▽

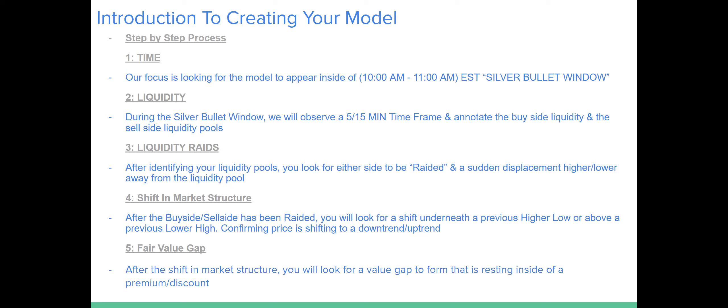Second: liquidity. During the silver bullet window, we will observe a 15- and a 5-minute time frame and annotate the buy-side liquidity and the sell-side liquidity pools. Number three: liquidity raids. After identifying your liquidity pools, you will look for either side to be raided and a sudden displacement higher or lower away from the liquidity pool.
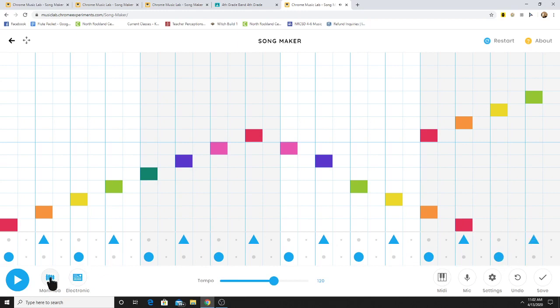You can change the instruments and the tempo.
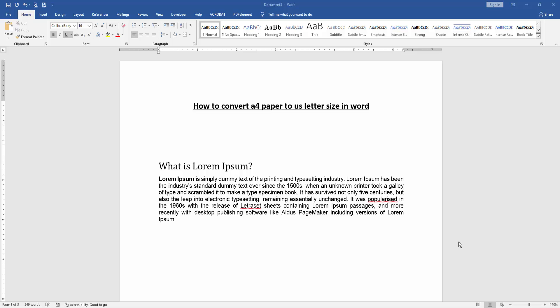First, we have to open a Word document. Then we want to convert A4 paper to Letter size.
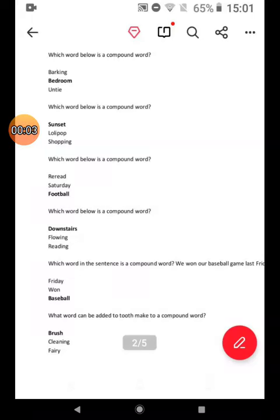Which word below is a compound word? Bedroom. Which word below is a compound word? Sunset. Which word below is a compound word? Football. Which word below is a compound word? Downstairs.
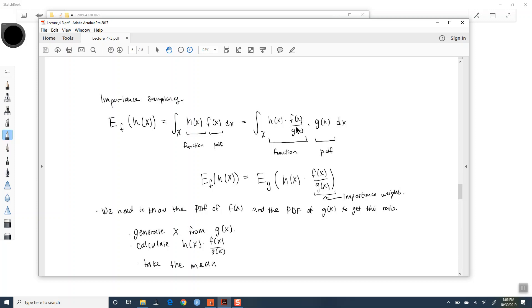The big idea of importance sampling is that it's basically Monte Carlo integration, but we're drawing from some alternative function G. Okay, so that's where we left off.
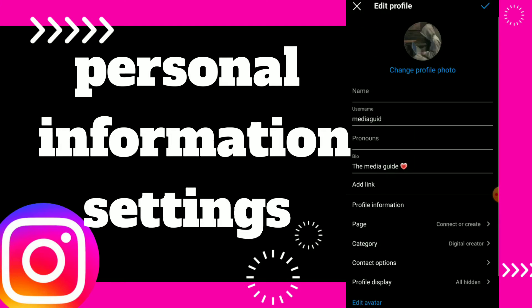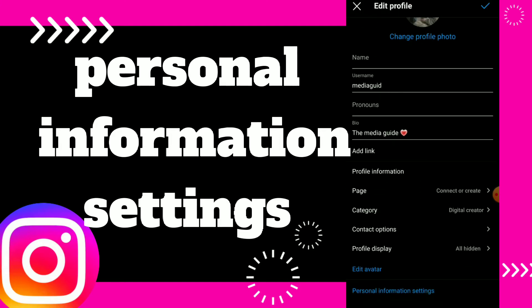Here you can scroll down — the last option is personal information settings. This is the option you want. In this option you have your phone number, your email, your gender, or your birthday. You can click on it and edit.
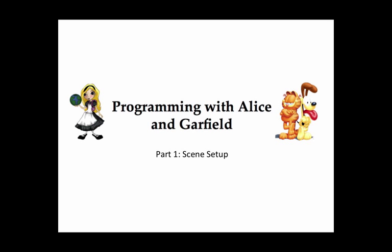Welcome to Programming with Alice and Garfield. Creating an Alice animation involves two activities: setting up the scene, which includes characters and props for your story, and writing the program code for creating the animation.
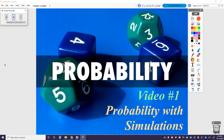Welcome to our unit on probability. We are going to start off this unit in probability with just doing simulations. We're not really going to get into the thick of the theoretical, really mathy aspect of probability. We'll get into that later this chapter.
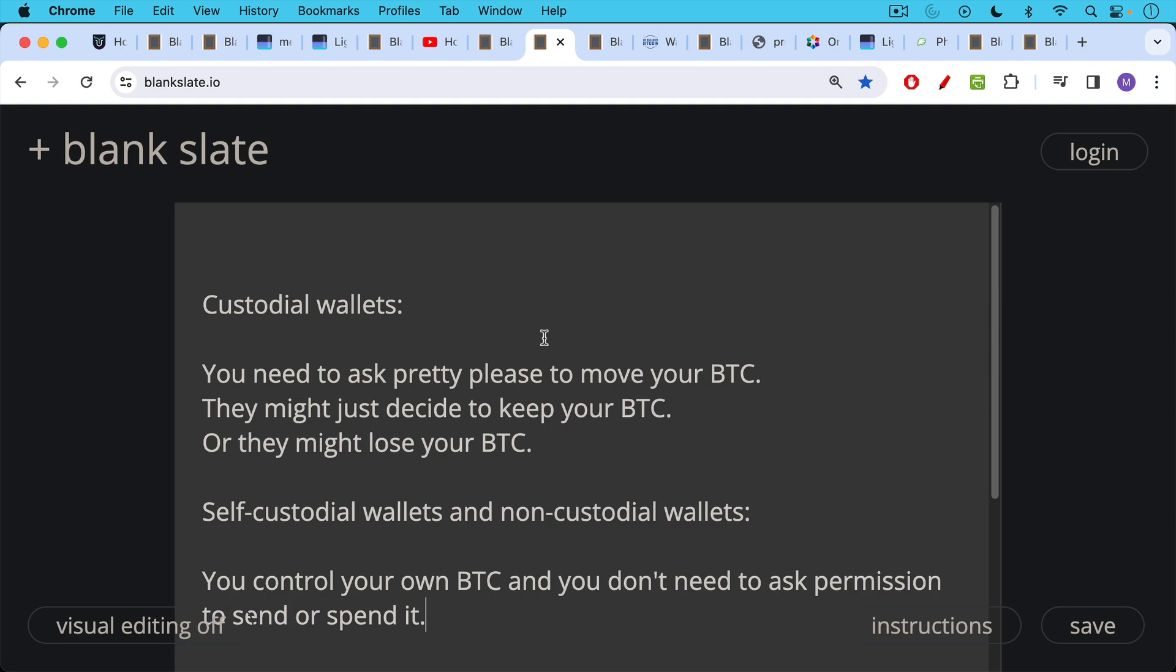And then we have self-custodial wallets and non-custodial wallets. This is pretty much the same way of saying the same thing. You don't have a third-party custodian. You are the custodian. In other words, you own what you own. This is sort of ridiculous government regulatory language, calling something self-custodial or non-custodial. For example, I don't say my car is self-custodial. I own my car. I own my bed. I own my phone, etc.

△

> [Problem requirements]: The pictures stay out; please reproduce everything else in the entries exactly.

> [Answer for the task]:
Second: liquidity. During the silver bullet window, we will observe a 15- and a 5-minute time frame and annotate the buy-side liquidity and the sell-side liquidity pools. Number three: liquidity raids. After identifying your liquidity pools, you will look for either side to be raided and a sudden displacement higher or lower away from the liquidity pool.
You can change the instruments and the tempo.
First, we have to open a Word document. Then we want to convert A4 paper to Letter size.
Which word below is a compound word? Bedroom. Which word below is a compound word? Sunset. Which word below is a compound word? Football. Which word below is a compound word? Downstairs.
The big idea of importance sampling is that it's basically Monte Carlo integration, but we're drawing from some alternative function G. Okay, so that's where we left off.
Here you can scroll down — the last option is personal information settings. This is the option you want. In this option you have your phone number, your email, your gender, or your birthday. You can click on it and edit.
Welcome to Programming with Alice and Garfield. Creating an Alice animation involves two activities: setting up the scene, which includes characters and props for your story, and writing the program code for creating the animation.
Welcome to our unit on probability. We are going to start off this unit in probability with just doing simulations. We're not really going to get into the thick of the theoretical, really mathy aspect of probability. We'll get into that later this chapter.
And then we have self-custodial wallets and non-custodial wallets. This is pretty much the same way of saying the same thing. You don't have a third-party custodian. You are the custodian. In other words, you own what you own. This is sort of ridiculous government regulatory language, calling something self-custodial or non-custodial. For example, I don't say my car is self-custodial. I own my car. I own my bed. I own my phone, etc.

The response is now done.